While funding helps provide services, it also helps preserve investments in human capital, he said.

“We’re releasing a large percentage of our patients from the Utah State Hospital into homelessness after we’ve just spent on average $200,000 trying to restore them to competency,” Eliason said.

Step-down services are desperately needed, particularly when one considers that 95% of the state hospital beds available in Utah in 1955 are now closed so “we’ve just reinstitutionalized so many people in our jails, hospitals and homelessness,” he said.

“If we look at the future in terms of what the next act will be, I think the states need to step up. We need to look at the system of care for step down for people coming out of our prisons, jails and our state hospitals, and that will take money,” he said.

When Leavitt was secretary of Health and Human Services, President George W. Bush tasked him to examine more than a dozen mass shootings following the 2007 shooting spree at Virginia Tech University that killed 32 people and wounded 17 others.

A team of experts across the federal government visited 13 sites where similar tragedies had occurred. “We brought all of the various constituent parties to the table to say ‘What have we learned from this?’ "

The decades-earlier move to “institutionalizing and defacilitating” mental health services was supported by conservatives who believed it cost too much money and by liberals who disagreed with with the practice.

“Between those two, they got the support to basically take the infrastructure down and then we never replaced it with anything,” he said.

As Leavitt noted, much of government’s ability to respond to societal needs and a changing economy is its tax policy.

One significant change in recent years has been a reduction in sales tax revenues while income tax revenues rise. At the same time, there has been exponential growth in services purchased by Utahns such as pet grooming, ride shares, streaming media among others, but legislative efforts to make them subject to taxation have been unsuccessful in the past.

“I’m gonna throw it out there, we have to be taxing services,” said Rep. Robert Spendlove, R-Sandy, who is an economist.

“We’ve tried it a few times and it’s failed every time because it takes a lot of political courage to be able to properly address that. Or we need to just come up with a different way of taxing and getting that revenue if the sales tax isn’t going to work,” said Spendlove, who is not seeking re-election.

Sen. Dan McCay, R-Riverton, said tax reform efforts in the recent past were unsuccessful because of disagreements over what to tax and “making sure it’s not a double layering of tax.”

But the worst thing to do is make tax revenue less predictable, he said.

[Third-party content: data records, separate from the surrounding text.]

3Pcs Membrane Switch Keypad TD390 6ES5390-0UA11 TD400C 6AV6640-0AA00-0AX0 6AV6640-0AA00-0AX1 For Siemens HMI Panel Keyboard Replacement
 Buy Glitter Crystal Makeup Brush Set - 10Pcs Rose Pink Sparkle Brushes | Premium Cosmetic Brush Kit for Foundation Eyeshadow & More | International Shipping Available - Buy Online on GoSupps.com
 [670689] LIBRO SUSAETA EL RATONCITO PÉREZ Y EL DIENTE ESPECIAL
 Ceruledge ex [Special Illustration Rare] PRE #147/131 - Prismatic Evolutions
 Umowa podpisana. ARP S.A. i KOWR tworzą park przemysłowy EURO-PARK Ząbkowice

“Trying to get away from peaks and valleys and shift toward more sure revenue creates a more predictable environment for government. But at the same time, there’s a sentiment from taxpayers that feels like government needs to suffer when the people suffer, which is an interesting dynamic, really, when you think about the needs. When the economy goes down, the government sector grows just out of necessity for supporting people,” said McCay, chairman of the Senate Revenue and Taxation Committee.